Mais revenons à la nature humaine qui hérisse tant les idéologues.
L'homme est un être chez qui la propension à l'individuation s'oppose toujours la propension à l'intégration. Bien sûr, cette opposition connaît des degrés d'intensité très variables selon les périodes, selon les circonstances, selon les peuples. Mais toujours, l'homme veut vivre sa différence (il appelle cela sa liberté) et s'affirmer comme individu avant que d'être réduit à quelque rôle que ce soit, comme celui de citoyen .

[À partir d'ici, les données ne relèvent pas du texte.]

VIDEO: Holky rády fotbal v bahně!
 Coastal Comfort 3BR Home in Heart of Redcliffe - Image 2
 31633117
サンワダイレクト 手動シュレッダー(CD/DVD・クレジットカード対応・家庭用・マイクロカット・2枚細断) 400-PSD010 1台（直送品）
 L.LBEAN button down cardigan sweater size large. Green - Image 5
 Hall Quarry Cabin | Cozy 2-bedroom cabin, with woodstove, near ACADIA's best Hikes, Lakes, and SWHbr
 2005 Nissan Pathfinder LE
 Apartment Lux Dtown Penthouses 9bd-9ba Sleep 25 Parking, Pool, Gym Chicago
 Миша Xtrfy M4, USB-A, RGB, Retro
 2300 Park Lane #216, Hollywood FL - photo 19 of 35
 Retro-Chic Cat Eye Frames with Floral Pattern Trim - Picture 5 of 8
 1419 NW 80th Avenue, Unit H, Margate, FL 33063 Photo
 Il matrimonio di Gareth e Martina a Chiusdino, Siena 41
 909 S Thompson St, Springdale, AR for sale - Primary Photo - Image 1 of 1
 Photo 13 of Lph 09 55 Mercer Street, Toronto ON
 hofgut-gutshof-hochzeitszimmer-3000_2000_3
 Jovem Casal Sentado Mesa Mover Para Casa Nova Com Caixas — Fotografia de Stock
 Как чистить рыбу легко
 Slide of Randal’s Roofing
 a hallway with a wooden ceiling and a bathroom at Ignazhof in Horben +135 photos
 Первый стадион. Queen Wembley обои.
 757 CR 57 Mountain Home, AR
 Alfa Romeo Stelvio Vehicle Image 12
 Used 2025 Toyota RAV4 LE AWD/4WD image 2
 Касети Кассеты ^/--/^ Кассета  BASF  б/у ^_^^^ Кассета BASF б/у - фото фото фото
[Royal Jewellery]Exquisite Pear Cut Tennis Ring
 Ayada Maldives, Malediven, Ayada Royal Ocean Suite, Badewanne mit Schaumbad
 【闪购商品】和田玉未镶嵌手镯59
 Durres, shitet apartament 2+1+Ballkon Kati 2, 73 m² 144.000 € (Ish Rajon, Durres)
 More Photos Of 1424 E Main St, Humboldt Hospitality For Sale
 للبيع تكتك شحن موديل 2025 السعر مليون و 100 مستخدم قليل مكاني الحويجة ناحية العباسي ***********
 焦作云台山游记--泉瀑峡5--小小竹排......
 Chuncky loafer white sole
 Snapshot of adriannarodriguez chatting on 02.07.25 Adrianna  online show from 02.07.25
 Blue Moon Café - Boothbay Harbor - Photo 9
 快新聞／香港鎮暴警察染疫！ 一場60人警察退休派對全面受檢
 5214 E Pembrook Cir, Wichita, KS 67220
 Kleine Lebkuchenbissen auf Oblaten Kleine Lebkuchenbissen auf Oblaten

L'homme est un animal largement asocial. Il vit en société tant qu'il a besoin des autres pour pallier sa propre faiblesse native : les idéologues appellent cela le principe de solidarité, mais il vaudrait mieux appeler cela le principe de parasitage. Mais dès qu'il en a les moyens, il s'isole avec ses proches dans une bulle quasi autarcique (qu'il appelle sa "vie privée"), étanche à ces mêmes autres qu'il ostracise. L'homme n'aime pas son prochain (deux milles ans de culpabilisation chrétienne, dont mille ans de violences ecclésiales, n'y ont rien changé) ; il le subit, il le supporte, il le tolère … plus ou moins, mais il ne l'aime, il n'en veut pas, il ne souhaite que s'en écarter.